The nation’s growing army of contingent workers is increasingly demanding, and often winning, higher pay and benefits and union membership, pushing back against efforts by companies to deploy a less costly, more flexible workforce.
An Ohio supplier of axles to Ford recently agreed to let its entire staff of 58 temporary workers join the United Auto Workers after they threatened to strike. Last month, Washington University in St. Louis announced a tentative four-year contract that raises the pay of adjunct professors. And a new Seattle law would allow Uber and Lyft drivers to form unions.
“These workers are standing up and claiming a greater share of the profits their labor has generated,” says Sarah Leberstein, senior staff attorney for the National Employment Law Project, a worker advocacy group.
Some, she says, have been inspired by walkouts by fast-food workers, many of whom are part-time, and their demands for $15-an-hour pay, a movement that led to legislation setting that pay floor in California and New York over the next few years. And with unemployment at 5%, the victories reflect a tighter labor market that has shifted leverage to workers and the power that temporary and part-time employees are beginning to wield as their ranks swell.
“Employers are going to start having trouble finding workers they need at the wages they’re paying,” says Susan Houseman, senior economist at the Upjohn Institute.
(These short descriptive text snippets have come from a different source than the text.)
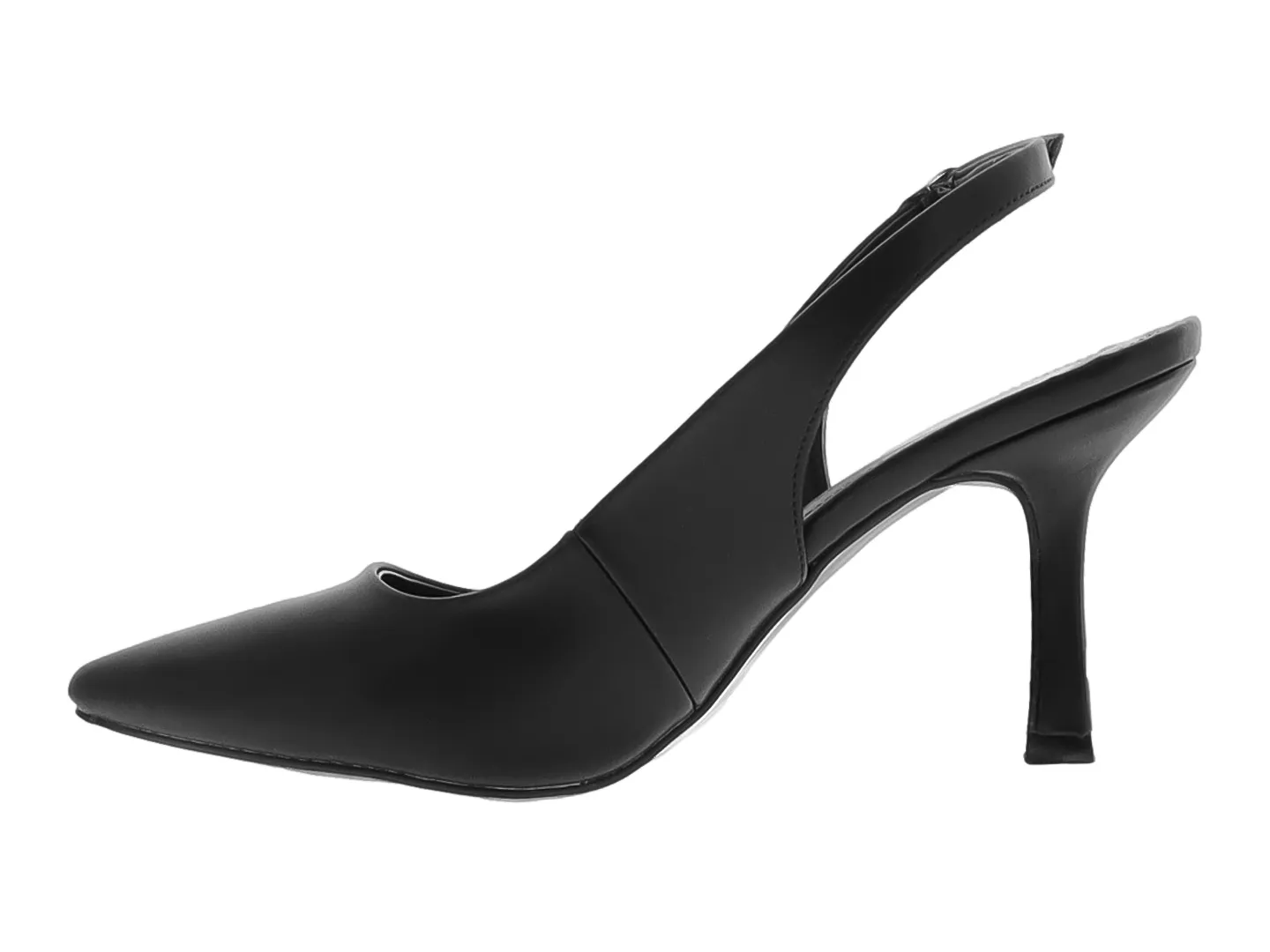 Zapatillas Forever 21 Argent  Negro Para Mujer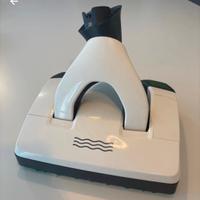 Lavasciuga FOLLETTO Vorwerk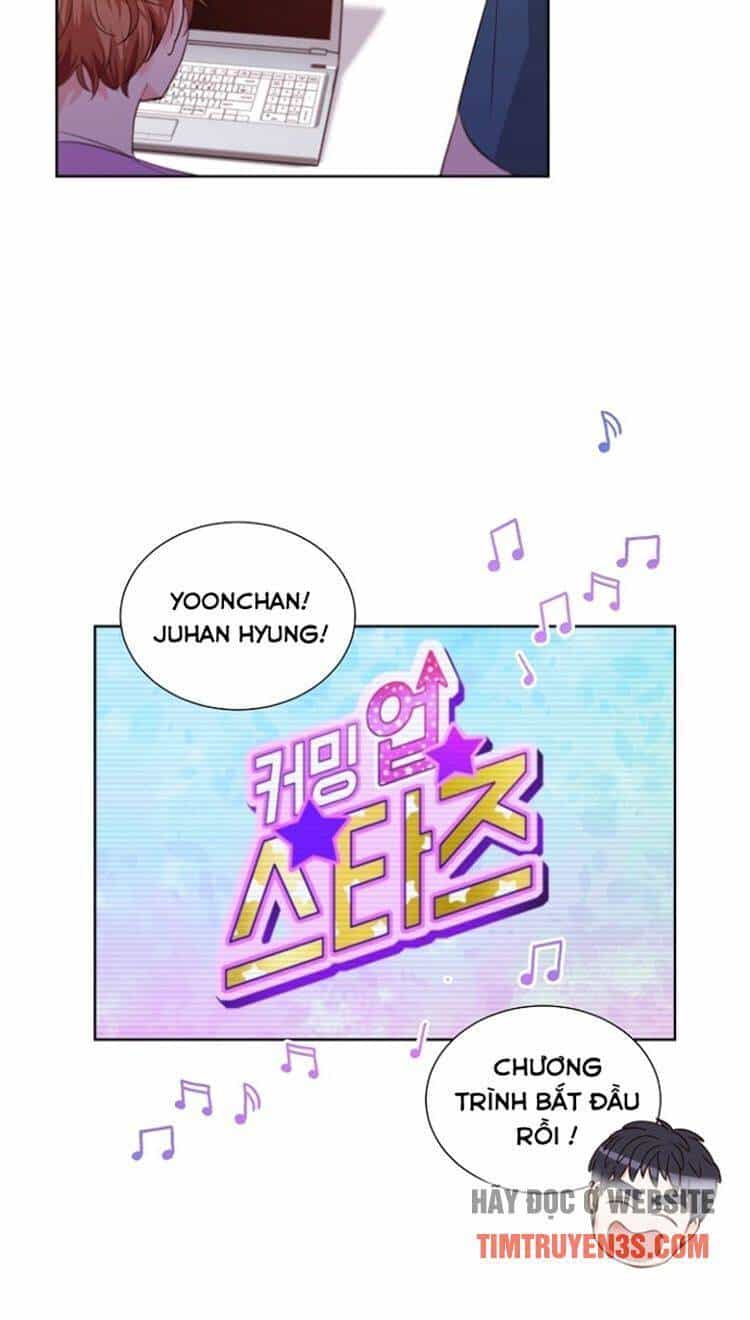 Trở Lại Làm Idol - Chương 18 - ảnh 33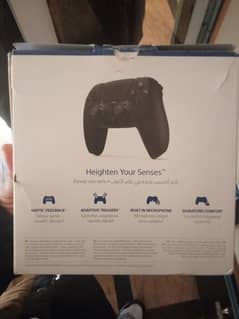 Ps5 Controller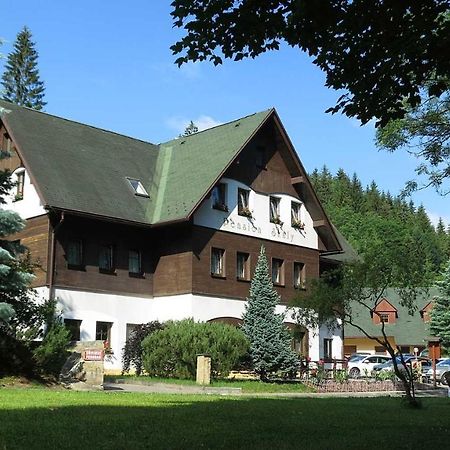 Pension Skály Teplice nad Metují Esterno foto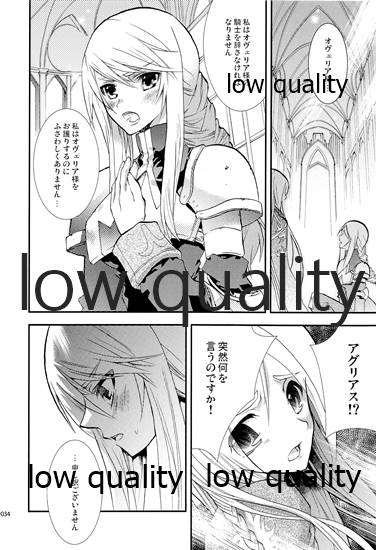 (C84) [杏仁 (とーか)] R18総集編 (ファイナルファンタジータクティクス)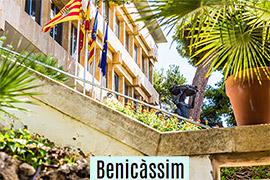 El himno de Benicàssim será elegido por el Consejo de Participación Ciudadana asesorado por un comité de músicos profesionales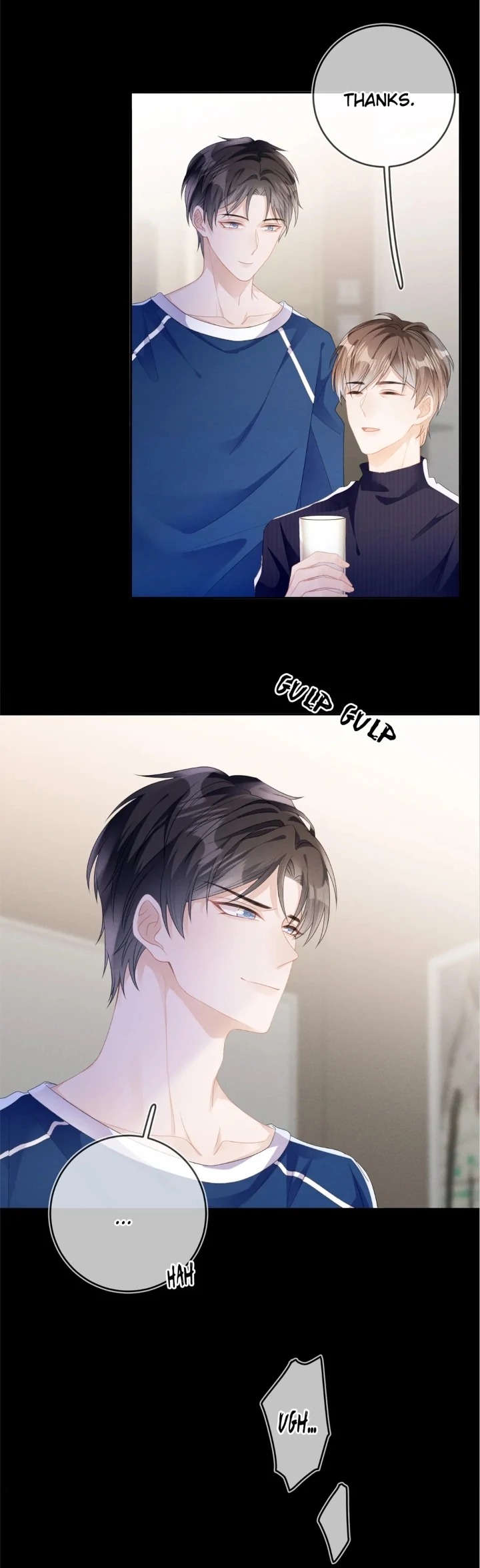 The Irresistible Conquest (Official) - Chapter 49 manhwa
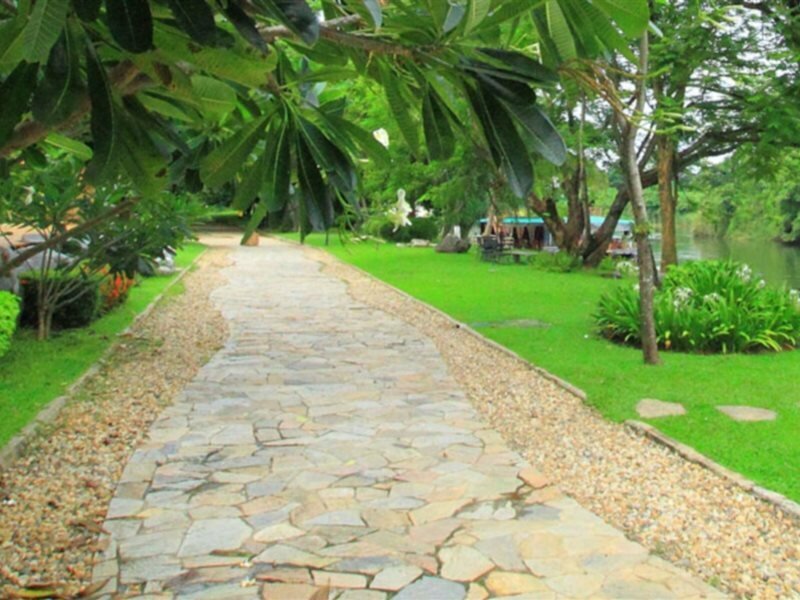 Фото Pung-waan Resort & SPA Kanchanaburi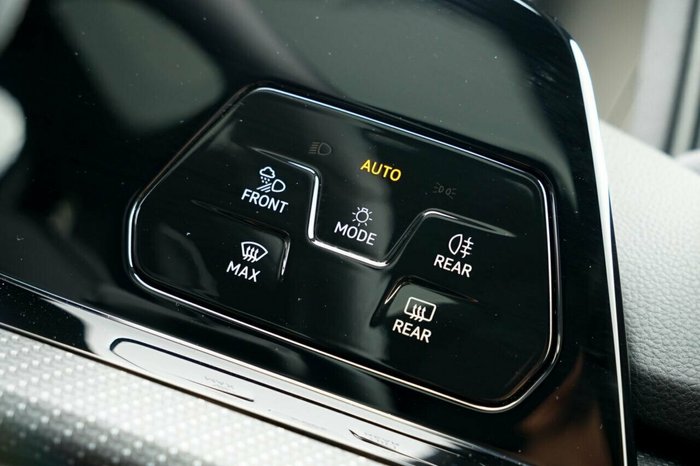 2024 Volkswagen Golf R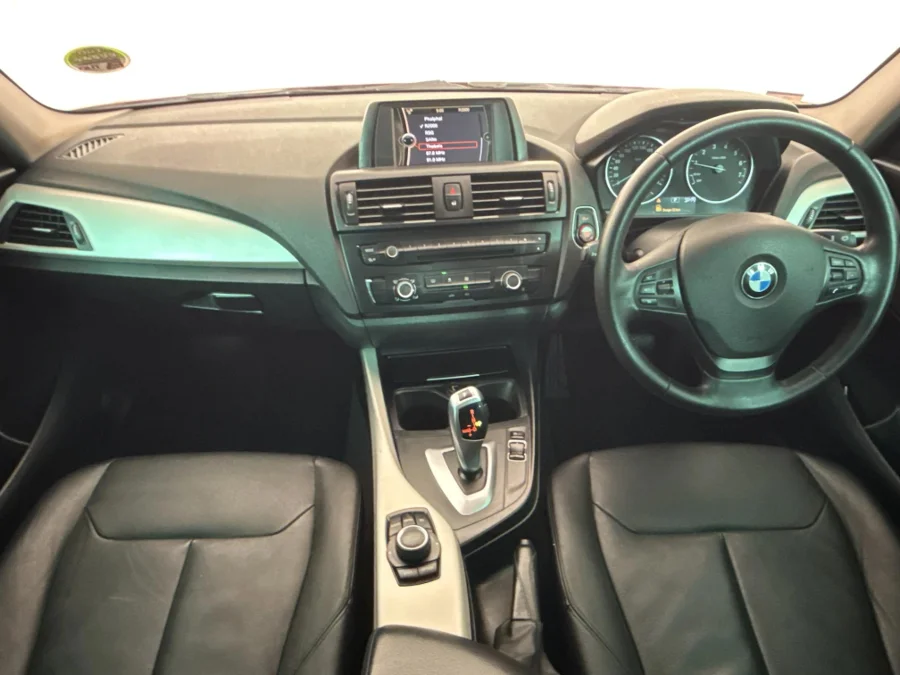 Used 2014 BMW 1 Series 116i 5-door Sport auto - WeBuyCars Polokwane Used 2014 BMW 1 Series 116i 5-door Sport auto - WeBuyCars Polokwane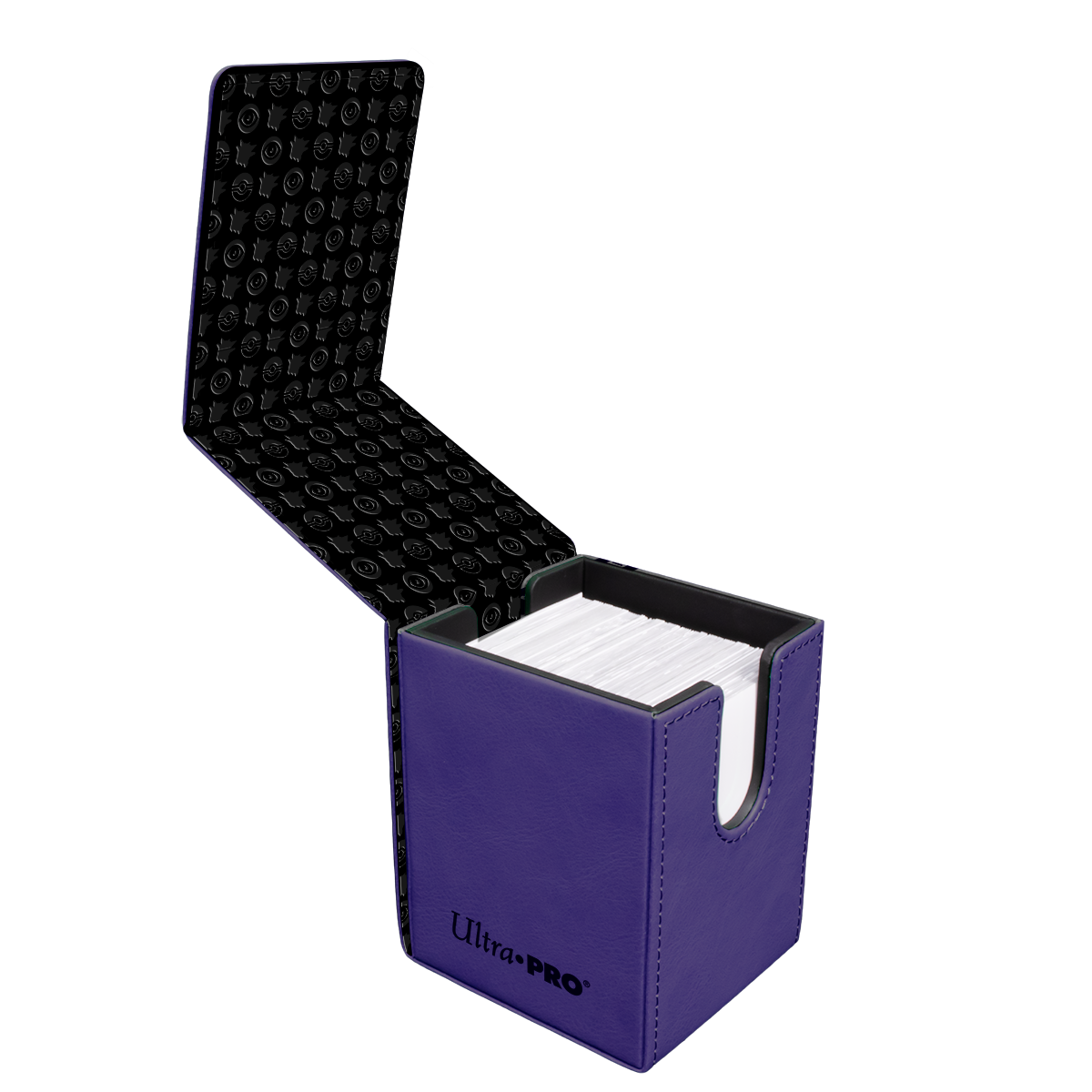 Ultra Pro - Premium Alcove Flip Gengar Ultra Pro - Premium Alcove Flip Gengar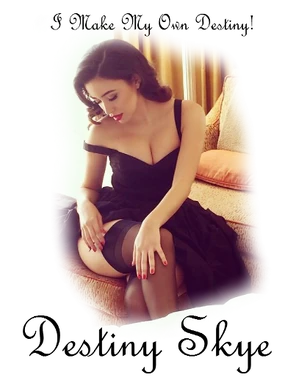 Destiny Skye | The eWrestling Encyclopedia | Fandom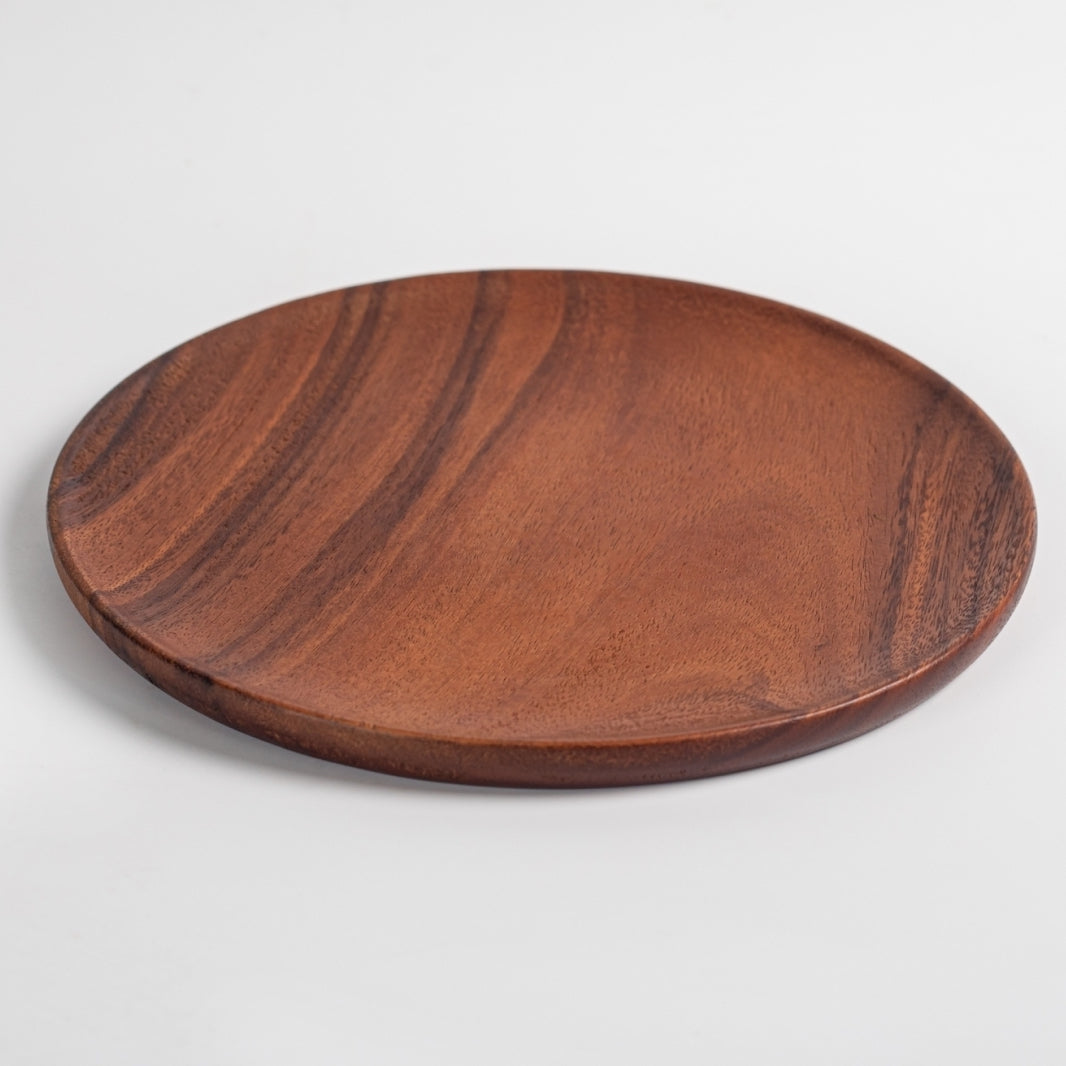 How to Care for Your Acacia Wood Pieces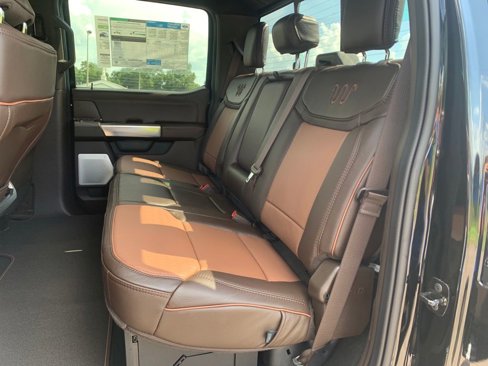 New 2025 Ford F250 King Ranch image 26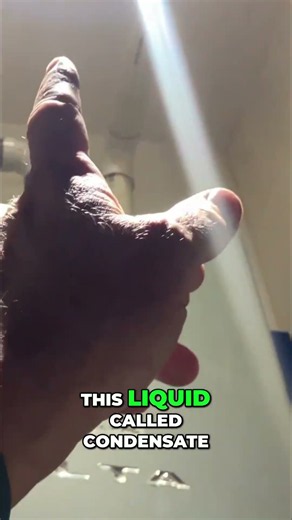 Condensate Neutralizer: Why It's CRUCIAL for Your Boiler! #shorts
In recent years, businesses have relied increasingly on contingent workers to cut costs, meet fluctuating demand and tap specialized skills for short-term projects. The trend intensified during and after the recession in 2007-09 as firms tightened their belts. About 20% of the U.S. workforce is made up of contingent workers — including temporary and part-time employees, contractors and freelancers — up from 12% in 2010, according to research firm Staffing Industry Analysts. Temps typically earn less, have fewer benefits and little job security.